=== Directions for this task ===
Please repeat each line below exactly, with no images in the copy.

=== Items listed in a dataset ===
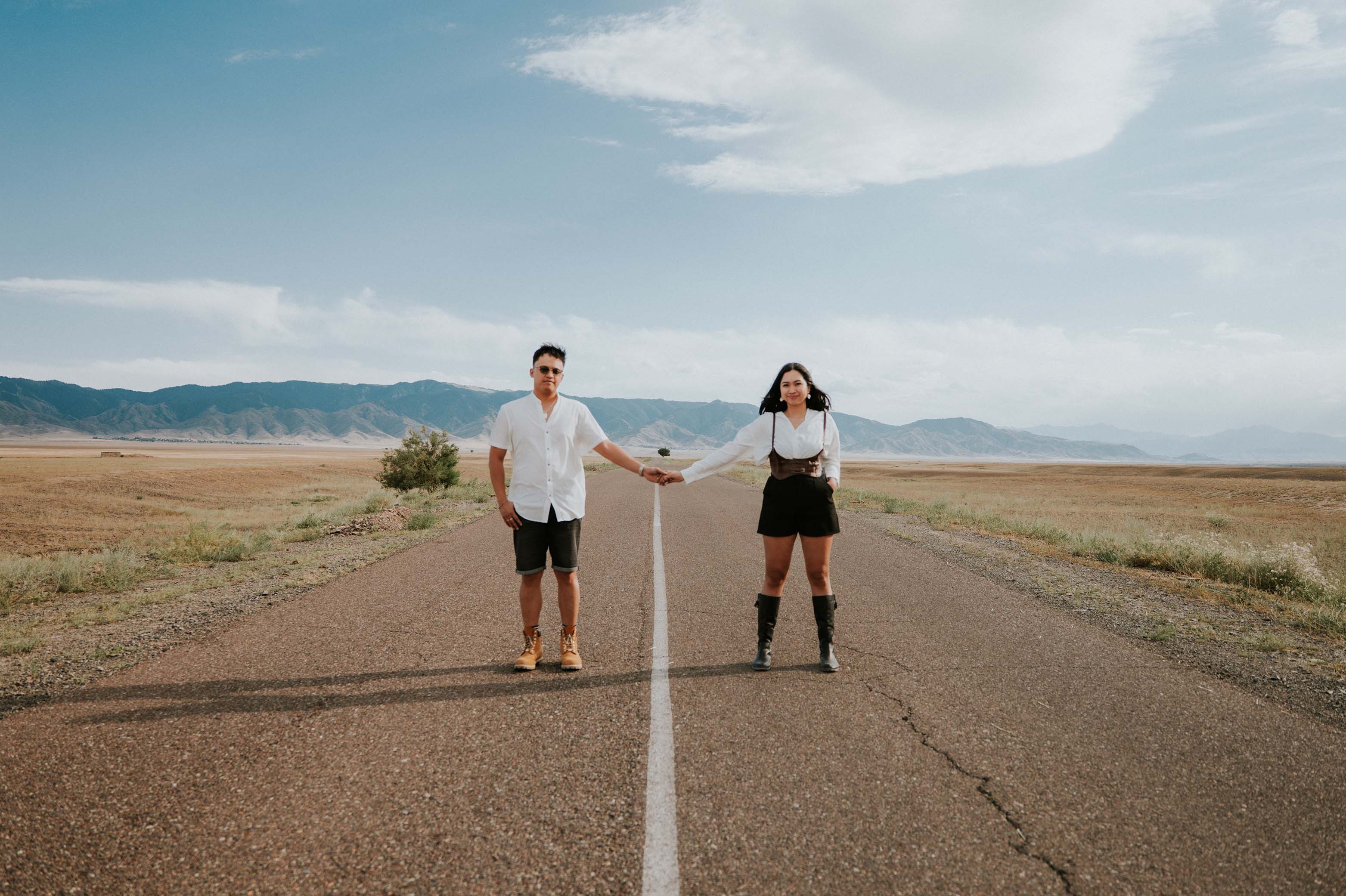 Ven & Krystelle moment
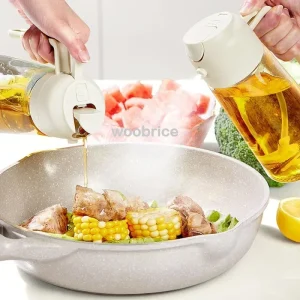 Frasco Borrifador de Óleo – Dispensador de Óleo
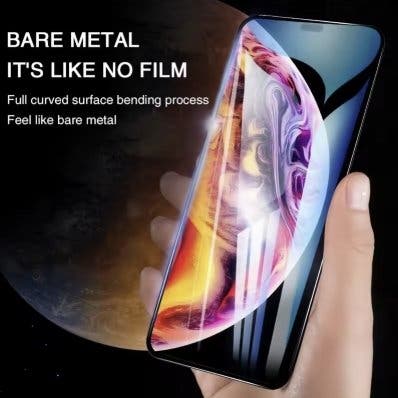 9D härdat skärmskydd iPhone 13 Pro Max 4-pack
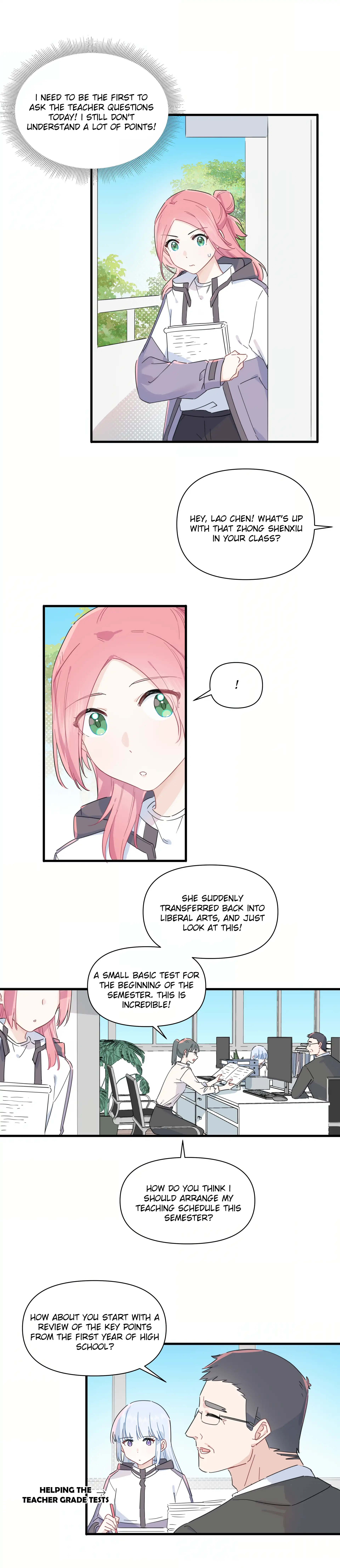 Falling in Love Gives Me Superpowers Chapter 20 - Page 55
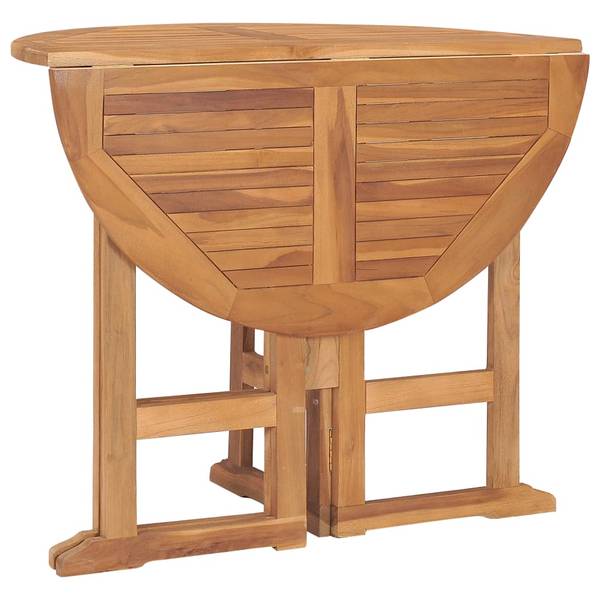Gartenmöbel-Set 3059977 (5-teilig) Braun - Teakholz - 90 x 75 x 90 cm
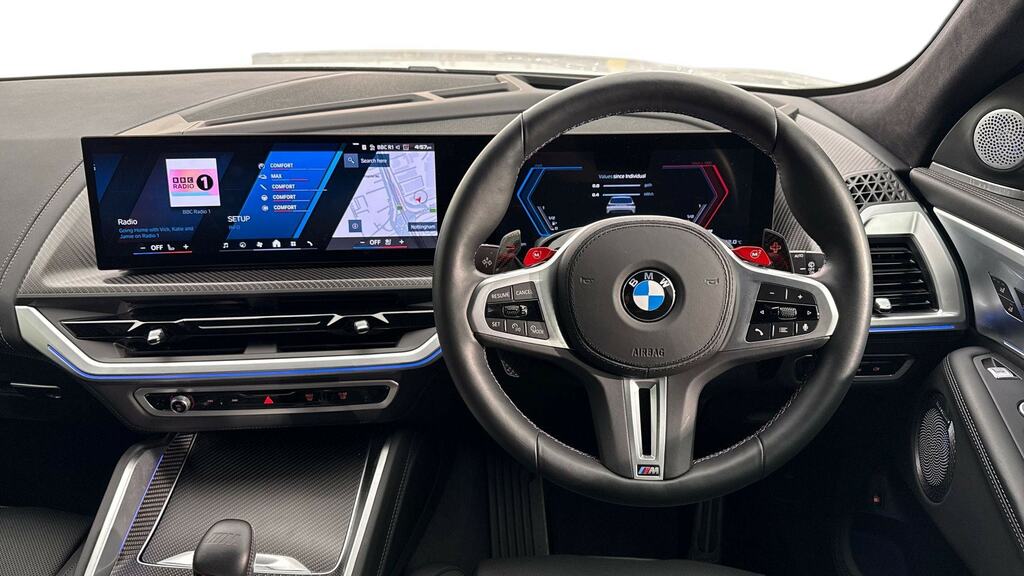 BMW XM 50E 5dr Auto White #5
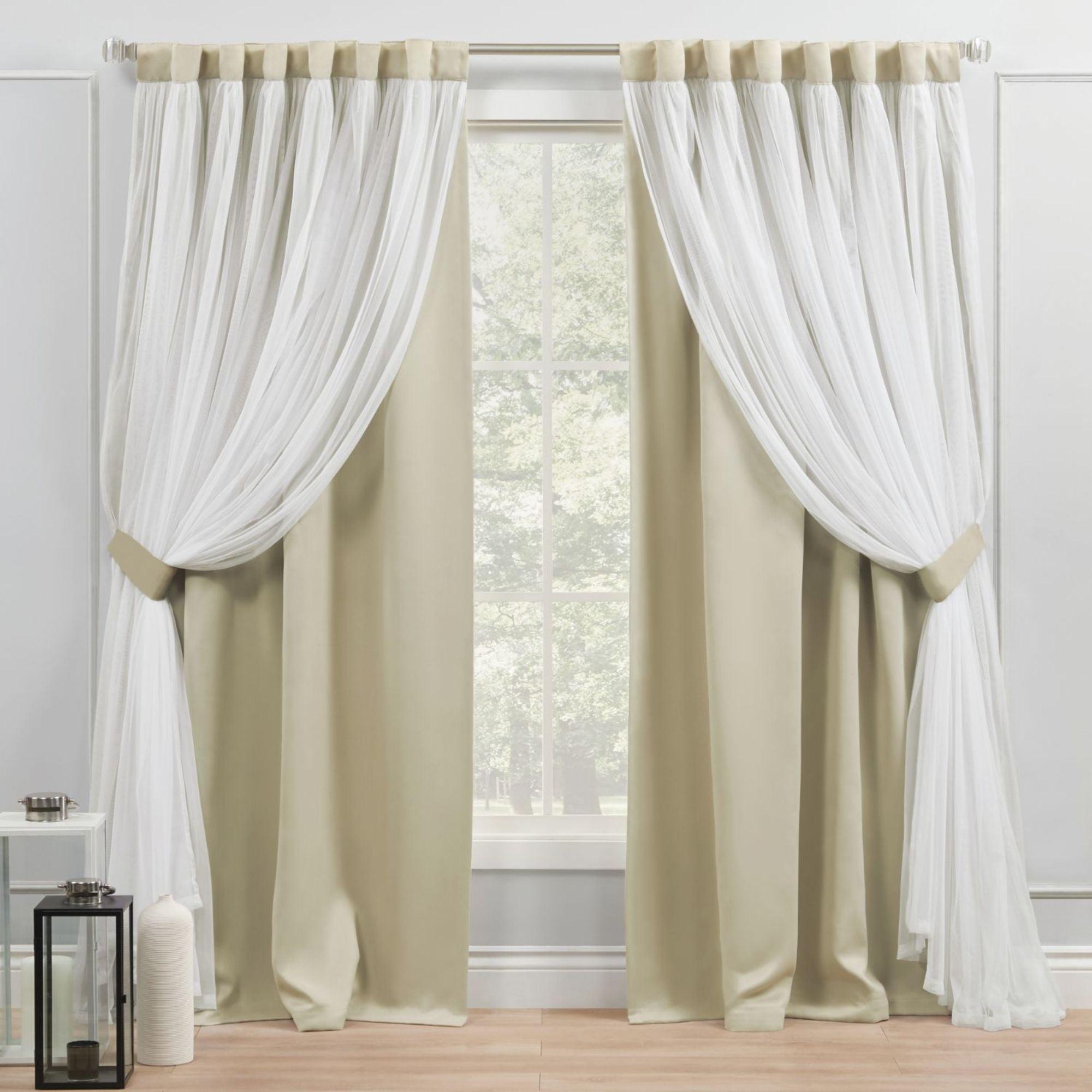 Amalgamated Textiles Polyester Curtain Pair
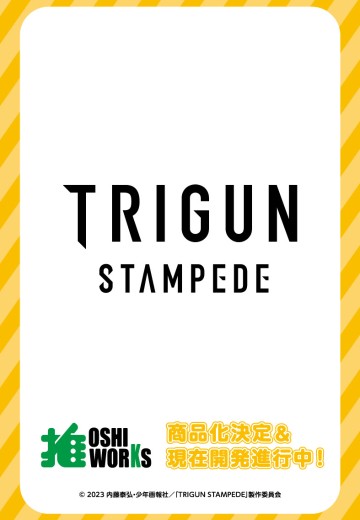 OSHI WORKS系列 《TRIGUN STAMPEDE》 法修·史丹比特 | Hpoi手办维基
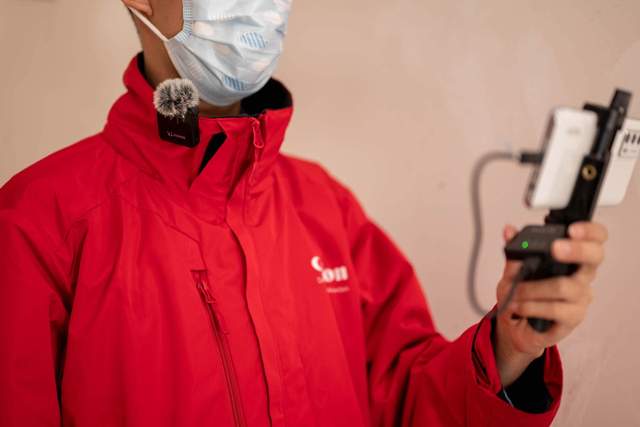 除了画质，视频音质也很重要，有曼无线麦克风体验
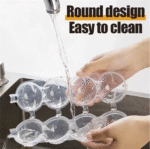 Silicone Ice Ball Maker Mold - Image 8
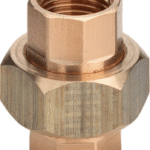 VIEGA 271 022 Viega Verschraubung Rotguss, flachdichtend, Modell 3330 Rp: ½ 3330 Verpackungseinheit:1ST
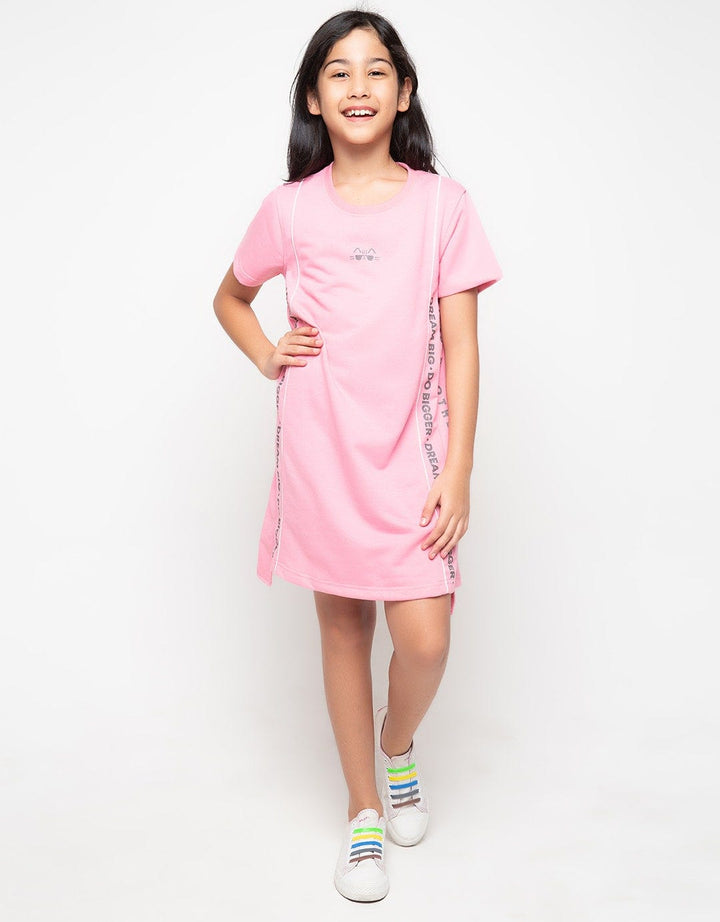 DRESS SS DREAM BIG B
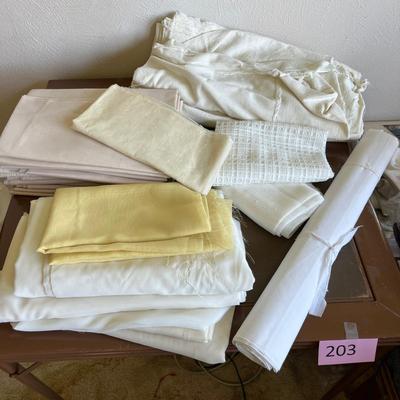 Misc. White Fabric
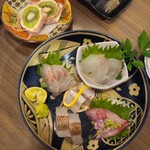 銀シャリ鮮魚 オサカナマルシェ - 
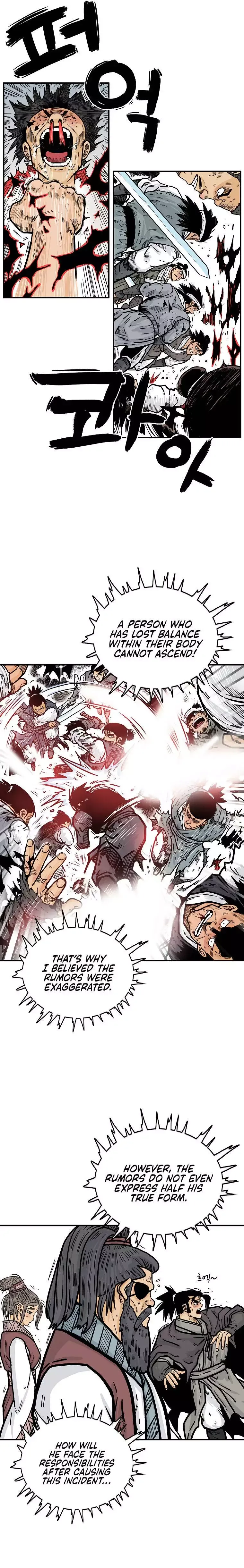 Read Fist Demon of Mount Hua EN Manga Online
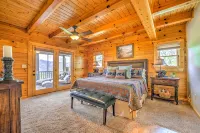 Views, Hot Tub, Fire Pit, A Mountain Masterpiece - 4-Star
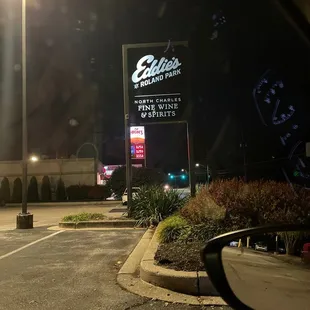 a view from a car window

=== Expected answer ===
 Ven & Krystelle moment
 Frasco Borrifador de Óleo – Dispensador de Óleo
 9D härdat skärmskydd iPhone 13 Pro Max 4-pack
 Falling in Love Gives Me Superpowers Chapter 20 - Page 55
Gartenmöbel-Set 3059977 (5-teilig) Braun - Teakholz - 90 x 75 x 90 cm
 BMW XM 50E 5dr Auto White #5
 Amalgamated Textiles Polyester Curtain Pair
 OSHI WORKS系列 《TRIGUN STAMPEDE》 法修·史丹比特 | Hpoi手办维基
 除了画质，视频音质也很重要，有曼无线麦克风体验
 Silicone Ice Ball Maker Mold - Image 8
 VIEGA 271 022 Viega Verschraubung Rotguss, flachdichtend, Modell 3330 Rp: ½ 3330 Verpackungseinheit:1ST
 DRESS SS DREAM BIG B
 Misc. White Fabric
 銀シャリ鮮魚 オサカナマルシェ - 
 Read Fist Demon of Mount Hua EN Manga Online
 Views, Hot Tub, Fire Pit, A Mountain Masterpiece - 4-Star
 a view from a car window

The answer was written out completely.